If you try to access a page outside of the root eg. http://www.example.com/page.htm you get a HTTP 403 and the custom error page. However...
If you try and access the site root http://www.example.com you get the desired HTTP 403 but no custom error page - instead it returns an Apache HTTP Server Test Page.
Below is the htaccess file - Any help is greatly appreciated.
<.htaccess file start>
# CUSTOM ERROR PAGES
ErrorDocument 400 /error/400.htm
ErrorDocument 401 /error/401.htm
ErrorDocument 403 /error/403.htm
ErrorDocument 404 /error/404.htm
ErrorDocument 500 /error/500.htm
# EXTENSION FREE URI'S
Options +MultiViews
Options +followsymlinks
# 301 REDIRECT WWW/NON-WWW CANONICAL ISSUE
RewriteEngine On
RewriteBase /
RewriteCond %{HTTP_HOST} .
RewriteCond %{HTTP_HOST} ^example\.com$ [NC]
RewriteRule ^(.*)$ http://www.example.com/$1 [R=301,L]
# BLOCK BAD BOTS
RewriteCond %{HTTP_USER_AGENT} SurveyBot/2.3 [NC,OR]
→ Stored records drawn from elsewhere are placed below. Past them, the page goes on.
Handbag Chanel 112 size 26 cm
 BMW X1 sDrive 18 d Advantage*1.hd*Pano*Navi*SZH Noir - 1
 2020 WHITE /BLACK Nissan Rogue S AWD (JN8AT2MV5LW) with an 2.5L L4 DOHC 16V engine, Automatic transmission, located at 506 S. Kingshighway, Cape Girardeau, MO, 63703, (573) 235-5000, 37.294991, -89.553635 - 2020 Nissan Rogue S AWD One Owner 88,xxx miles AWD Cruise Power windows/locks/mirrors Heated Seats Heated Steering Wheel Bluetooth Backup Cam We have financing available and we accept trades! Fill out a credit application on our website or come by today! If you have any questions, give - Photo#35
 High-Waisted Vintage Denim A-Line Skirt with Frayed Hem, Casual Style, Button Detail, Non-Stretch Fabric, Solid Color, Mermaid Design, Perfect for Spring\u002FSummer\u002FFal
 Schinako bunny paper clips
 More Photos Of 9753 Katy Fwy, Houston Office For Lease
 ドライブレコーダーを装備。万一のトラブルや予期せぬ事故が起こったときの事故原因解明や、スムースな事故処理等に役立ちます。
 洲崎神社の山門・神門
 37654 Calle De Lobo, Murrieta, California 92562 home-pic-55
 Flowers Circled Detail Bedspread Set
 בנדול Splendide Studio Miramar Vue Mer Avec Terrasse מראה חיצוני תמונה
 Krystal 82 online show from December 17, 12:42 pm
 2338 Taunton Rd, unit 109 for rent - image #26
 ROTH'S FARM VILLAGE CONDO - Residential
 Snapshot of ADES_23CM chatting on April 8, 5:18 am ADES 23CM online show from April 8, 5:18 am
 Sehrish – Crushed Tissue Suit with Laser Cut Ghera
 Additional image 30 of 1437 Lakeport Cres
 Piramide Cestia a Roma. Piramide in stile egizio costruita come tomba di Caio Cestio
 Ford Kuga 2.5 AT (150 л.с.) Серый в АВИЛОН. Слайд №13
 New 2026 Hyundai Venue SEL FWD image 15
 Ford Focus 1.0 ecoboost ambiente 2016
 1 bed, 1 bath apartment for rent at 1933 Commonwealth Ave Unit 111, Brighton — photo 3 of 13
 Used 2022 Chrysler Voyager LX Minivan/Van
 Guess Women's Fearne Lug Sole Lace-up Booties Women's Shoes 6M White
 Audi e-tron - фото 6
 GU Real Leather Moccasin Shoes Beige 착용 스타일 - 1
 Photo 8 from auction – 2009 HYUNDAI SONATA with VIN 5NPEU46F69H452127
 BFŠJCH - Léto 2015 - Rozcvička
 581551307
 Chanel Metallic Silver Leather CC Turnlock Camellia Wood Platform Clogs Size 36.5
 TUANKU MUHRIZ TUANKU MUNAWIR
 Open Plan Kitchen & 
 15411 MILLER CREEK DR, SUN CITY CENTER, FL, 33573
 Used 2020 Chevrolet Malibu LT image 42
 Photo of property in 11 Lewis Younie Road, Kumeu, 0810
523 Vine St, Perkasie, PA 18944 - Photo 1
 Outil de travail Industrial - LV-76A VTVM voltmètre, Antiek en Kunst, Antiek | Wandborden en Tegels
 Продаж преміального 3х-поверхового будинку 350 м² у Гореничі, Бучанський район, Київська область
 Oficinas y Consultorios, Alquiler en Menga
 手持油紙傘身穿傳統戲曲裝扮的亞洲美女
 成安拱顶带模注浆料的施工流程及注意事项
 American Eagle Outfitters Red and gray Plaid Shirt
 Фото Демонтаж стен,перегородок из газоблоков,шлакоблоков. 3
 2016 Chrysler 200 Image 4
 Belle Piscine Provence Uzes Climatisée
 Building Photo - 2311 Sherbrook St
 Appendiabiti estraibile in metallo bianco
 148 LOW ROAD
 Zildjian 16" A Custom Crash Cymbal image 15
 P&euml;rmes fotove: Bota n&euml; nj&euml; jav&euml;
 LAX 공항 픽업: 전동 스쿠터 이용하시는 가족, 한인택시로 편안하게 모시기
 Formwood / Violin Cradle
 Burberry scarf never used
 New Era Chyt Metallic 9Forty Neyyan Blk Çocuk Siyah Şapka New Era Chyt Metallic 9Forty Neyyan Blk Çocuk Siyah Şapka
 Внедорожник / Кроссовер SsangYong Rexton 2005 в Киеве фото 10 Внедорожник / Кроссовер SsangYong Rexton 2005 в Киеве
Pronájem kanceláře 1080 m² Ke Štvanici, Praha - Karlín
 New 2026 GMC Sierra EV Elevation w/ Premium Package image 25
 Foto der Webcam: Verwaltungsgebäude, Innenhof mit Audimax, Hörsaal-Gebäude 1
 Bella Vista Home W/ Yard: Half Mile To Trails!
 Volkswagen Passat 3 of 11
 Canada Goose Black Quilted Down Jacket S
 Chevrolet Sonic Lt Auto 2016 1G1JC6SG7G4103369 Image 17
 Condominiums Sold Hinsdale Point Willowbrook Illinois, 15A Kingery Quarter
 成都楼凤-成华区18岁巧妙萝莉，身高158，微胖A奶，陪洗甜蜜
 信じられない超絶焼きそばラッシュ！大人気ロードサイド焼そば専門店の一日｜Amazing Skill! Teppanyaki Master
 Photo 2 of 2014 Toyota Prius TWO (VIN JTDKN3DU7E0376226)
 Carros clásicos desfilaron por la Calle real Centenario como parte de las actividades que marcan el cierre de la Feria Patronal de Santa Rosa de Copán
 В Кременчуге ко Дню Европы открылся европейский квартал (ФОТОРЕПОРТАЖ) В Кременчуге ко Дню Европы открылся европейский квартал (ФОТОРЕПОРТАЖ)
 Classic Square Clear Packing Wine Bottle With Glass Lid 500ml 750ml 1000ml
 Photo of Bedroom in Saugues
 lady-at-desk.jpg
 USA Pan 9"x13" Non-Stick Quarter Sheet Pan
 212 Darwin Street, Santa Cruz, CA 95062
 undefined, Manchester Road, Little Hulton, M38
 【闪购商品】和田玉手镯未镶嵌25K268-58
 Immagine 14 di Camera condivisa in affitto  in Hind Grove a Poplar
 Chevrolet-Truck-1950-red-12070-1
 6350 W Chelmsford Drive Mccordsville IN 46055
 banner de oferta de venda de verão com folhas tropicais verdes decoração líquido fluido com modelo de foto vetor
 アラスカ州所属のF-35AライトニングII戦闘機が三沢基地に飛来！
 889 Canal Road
RewriteCond %{HTTP_USER_AGENT} ^Wget
RewriteRule !^(error/403\.htm¦robots\.txt)$ - [F,L]
<.htaccess file end>
Bubster
I'm wondering if it really makes any difference what the content of the page returned is for the blocked bots so along as they receive a valid HTTP 403 response?
I've checked the log for wannabrowser and I get the following for a request of the main site root (www.example.com) from a bad bot:
HTTP/1.1 403 Forbidden
Date: Tue, 19 Feb 2008 17:51:53 GMT
Server: Apache
Vary: Host
Accept-Ranges: bytes
Content-Length: 5044
Connection: close
Content-Type: text/html
Does it really matter if it doesn't return my custom 403 error file to the blocked bots? or am I missing something fundamental?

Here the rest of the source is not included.